Now that the NFL season is here, I’m putting a twist on my weekly Blogger on Blogger series. Each week, I will enlist a blogger who regularly writes about the Ravens’ opponent to help me break down the game. This week, I exchanged emails with Alec Shane, who blogs about the New England Patriots for Pats Pulpit.

MV: The Patriots have experienced a lot of turnover at the skill positions on offense, letting Brandon Lloyd and Wes Welker walk and releasing Aaron Hernandez before he went to prison. Now Rob Gronkowski is out with a knee injury. How have the Patriots been able to rank sixth in scoring despite all that change?

AS: There are few teams better than the Patriots at utilizing the talent that they have and figuring out ways to get the most out of their players. Arguably their best receiver this year, Julian Edelman, was a quarterback in college and had to learn a new position almost entirely from scratch. Edelman has since become Brady's most reliable target and the only receiver who hasn't missed time due to injury. Having that ability to maximize talent, along with Bill Belichick's ability to exploit his opponents' weaknesses while taking away their strengths, keeps the Patriots scoring points. Whether it be taking advantage of a soft front line with a power running game, creating coverage mismatches by sending third-down back Shane Vereen out to be guarded by a linebacker, or finding holes in the zone with smaller, shiftier slot receivers, this season more than most has been all about taking what you have and running with it. 

MV: How devastating is the loss of Gronkowski, particularly in the red zone, where the Patriots -- like the Ravens -- have struggled to score touchdowns in recent weeks?

AS: Losing Gronkowski hurts the Patriots in so many more areas than just the red zone. Gronk is a receiving force, a YAC machine, and one of the best blocking tight ends in the league. And while perhaps the lack of Gronk is most prevalent inside the 20 yard line -- 19 TDs on 27 red zone trips with Gronkowski versus 10 TDs on 26 trips without him -- not having a weapon like that on the field allows opposing defenses to completely change the way they attack New England's offense. It's easier to stack the box, bump the undersized receivers at the line, and pass off coverages into the secondary when there isn't such a glaring mismatch wreaking havoc all over the field. No Gronk means more pressure on Brady, which has always been his Achilles heel, and being able to out-muscle the smaller receivers disrupts the timing of the routes, which helps to explain why Brady hasn't been as accurate this year. It's just incredibly frustrating to know that New England went from having two unstoppable tight ends to signing guys off the street in just a few short months.

MV: Injuries have also been a factor for the New England defense, which has slumped in recent weeks without nose tackle Vince Wilfork and middle linebacker Jerod Mayo.

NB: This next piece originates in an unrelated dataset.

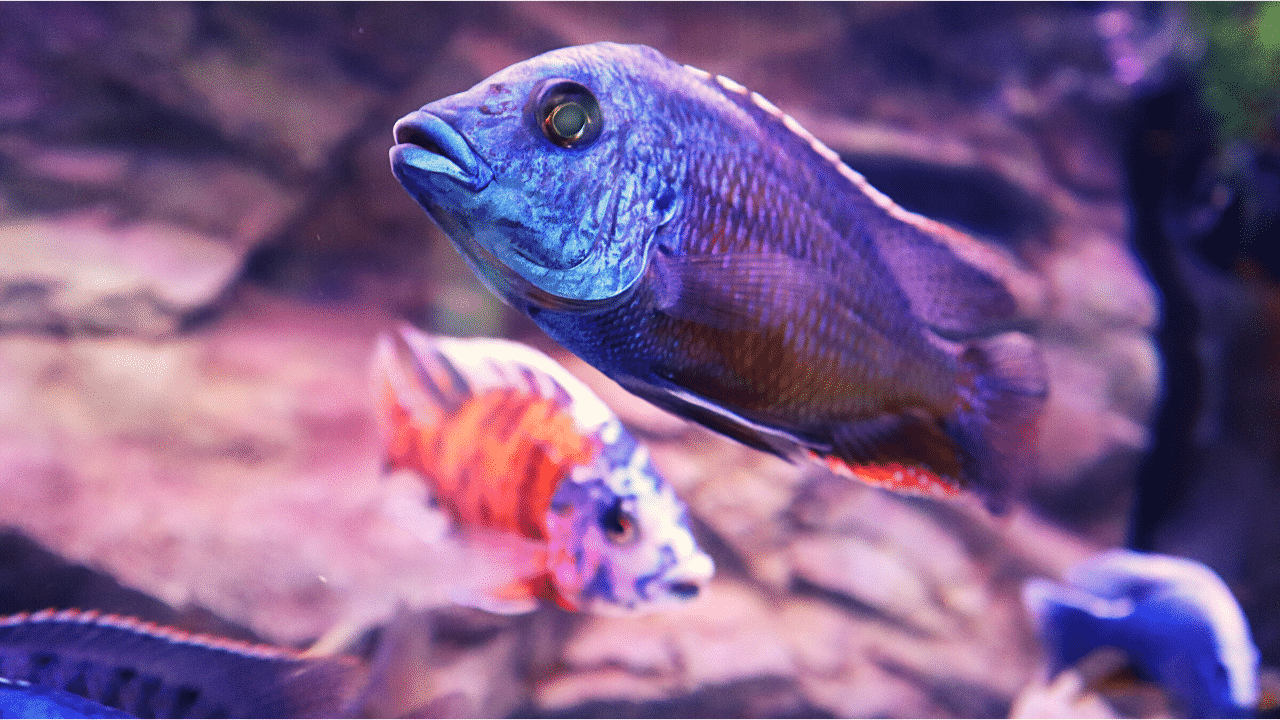 10 Expert Tips for Successfully Keeping African Cichlids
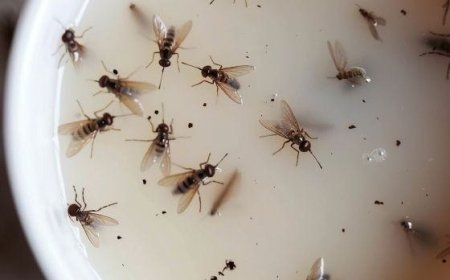 Geben Sie diese Mischung in Ihre Küche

The Patriots have spent a lot of high draft picks on defense and have Pro Bowl-caliber players in Aqib Talib and Chandler Jones. What has been their problem?

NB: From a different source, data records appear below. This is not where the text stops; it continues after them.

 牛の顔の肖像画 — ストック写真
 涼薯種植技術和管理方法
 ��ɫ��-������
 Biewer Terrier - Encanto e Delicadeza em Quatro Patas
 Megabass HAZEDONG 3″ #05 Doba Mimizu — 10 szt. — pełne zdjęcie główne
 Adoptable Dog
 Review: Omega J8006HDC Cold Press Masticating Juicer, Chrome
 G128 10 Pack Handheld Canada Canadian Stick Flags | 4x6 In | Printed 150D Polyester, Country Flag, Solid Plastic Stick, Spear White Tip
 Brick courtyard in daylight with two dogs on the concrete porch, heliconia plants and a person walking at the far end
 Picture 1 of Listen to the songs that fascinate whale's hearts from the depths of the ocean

AS: For several seasons, the Patriots lived and died on two things defensively: stiffening up in the red zone to hold their opponents to field goals and generating turnovers in order to allow their offense to score a lot of points. This year seemed to be the year where the D was finally able to turn the corner. The pass rush was strong, there was a shutdown corner in Talib on one side and a high-upside young corner in Alfonzo Dennard on the other, Devin McCourty was thriving in his new role as safety, and the linebacker depth and versatility allowed for the defense to adjust to any number of offensive looks. Unfortunately, the key player at every single level of the defense has either missed multiple games or is out for the year. Because of that, this unit lost much of that versatility that allowed them to dictate what the offense did. Most players on the 2013 Patriots defense excel at one particular aspect of the game, and subbing guys in and out has become much more important. Other than Jones and McCourty, who are playing at an elite level, this unit just isn't the same. Perhaps the Talib injury, more than any other this year, has been the most damning. While he has been able to play through his hip injury, he simply hasn't been the same player. Prior to going down against the Saints, Talib only allowed 13 completions out of 33 balls thrown his way for 186 yards and one touchdown, averaging just 5.6 yards per target. Since then, he has been thrown at 29 times, allowing 21 completions for 386 yards and two touchdowns, averaging over 12 yards per target. Without Talib playing at his best and a front line that is now relying on two undrafted rookies -- not to mention the loss of both defensive captains and the main signal-caller in Mayo -- the Patriots can't play as much man coverage and have to rely on certain zone packages that put their linebackers on running backs or tight ends, a battle they are almost always going to lose.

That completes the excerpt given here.